Most all Americans will naturally assume that you are only trying to defend the old slave-holders and racists, and you will never prove them wrong by returning insult for insult.
HMS Surprise: "The South lost a war, America lost its soul. The proof is all around you."
We've had this debate here many times: America did not "lose its soul" because the South lost the war, that's just nonsense.
America's "loss of soul" began with the Progressive era, starting 50 years after the Civil War, when Southern Progressive Democrat President Woodrow Wilson signed the 16th (income tax) and 17th (direct election of senators) ammendments to the Constitution.
Until then, the US Federal Government consumed around 2% of the GDP, today it has grown to 25%.
Without the income tax especially, that could not be possible, and both of those ammendments were ratified by most Southern states.
Until fairly recent decades, the South was more than eager to get its "fair share" of money overflowing from the Federal trough.
HMS Surprise: "Lincoln was not a Marxist.
The Civil War and its aftermath paved the way for the marxist/socialist/statist agenda."
There was not a Marxist bone in Lincoln's body, and the United States was no more "Marxist" on the day he died than when he first came to office.
The Civil War did nothing more than preserve the Union and destroy slavery.
All the rest came later -- much later -- and was for decades cheered on by the now allegedly conservative South.
HMS Surprise: "Tell me, without trying to scare me with electronic bulletin board hokum, how that was a good thing?"
Simple: slavery was worse, and the Confederacy first seceded, then started, formally declared and fought a war to the bitter end, in order to defend their "peculiar institution" of slavery.
"HMS Surprise":
Post-Civil War America was under martial law for all intents and purposes.
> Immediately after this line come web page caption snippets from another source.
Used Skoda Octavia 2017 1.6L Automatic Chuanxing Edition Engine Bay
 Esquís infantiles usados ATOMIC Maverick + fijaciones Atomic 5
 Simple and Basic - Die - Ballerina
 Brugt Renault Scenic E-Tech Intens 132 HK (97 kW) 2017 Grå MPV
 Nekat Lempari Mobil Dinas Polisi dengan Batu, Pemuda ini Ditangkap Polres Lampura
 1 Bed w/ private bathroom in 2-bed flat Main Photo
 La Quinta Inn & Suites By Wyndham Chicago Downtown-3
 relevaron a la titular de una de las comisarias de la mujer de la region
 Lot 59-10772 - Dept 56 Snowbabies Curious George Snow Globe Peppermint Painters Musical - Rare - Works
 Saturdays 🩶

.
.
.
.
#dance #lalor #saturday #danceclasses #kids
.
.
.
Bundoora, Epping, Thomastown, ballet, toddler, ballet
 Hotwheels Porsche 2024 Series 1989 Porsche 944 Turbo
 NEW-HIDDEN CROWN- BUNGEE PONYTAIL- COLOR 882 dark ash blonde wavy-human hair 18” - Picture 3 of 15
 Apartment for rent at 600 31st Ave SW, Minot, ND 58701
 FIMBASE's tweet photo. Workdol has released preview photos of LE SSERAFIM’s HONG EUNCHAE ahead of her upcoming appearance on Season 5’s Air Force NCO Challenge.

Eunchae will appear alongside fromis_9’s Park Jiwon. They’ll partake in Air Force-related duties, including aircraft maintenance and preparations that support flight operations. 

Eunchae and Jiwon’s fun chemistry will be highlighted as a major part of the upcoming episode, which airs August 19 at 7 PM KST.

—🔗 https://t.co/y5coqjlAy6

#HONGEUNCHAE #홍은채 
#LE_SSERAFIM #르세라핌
This led to a misapprehension of the legitimate relationship between Washington and the States. Federal power was flexed, and forever fixed in the American mind via vast Armies marching under a U.S. flag from State to State. America had a new national identity. The world still refered to America as “The States,” but the American People now saw themselves as U.S. citizens first, State citizens hardly at all. This national identity made us ripe for a national statism, which occurred as you said, 50 years later. If we had avoided war, and maintained the jurisdicitonal integrity of the States, regardless of any national iteration, the progressive movement would have been dead on arrival. The Civil War prepared America for the yoke of national statism.
Who cares what New England Yankees and left coast commies think. I am only trying to talk to Southerners. Southerners understand totally what Federal Usurpation is all about. If it wasn't for the South this stupid country would be fully commie by now.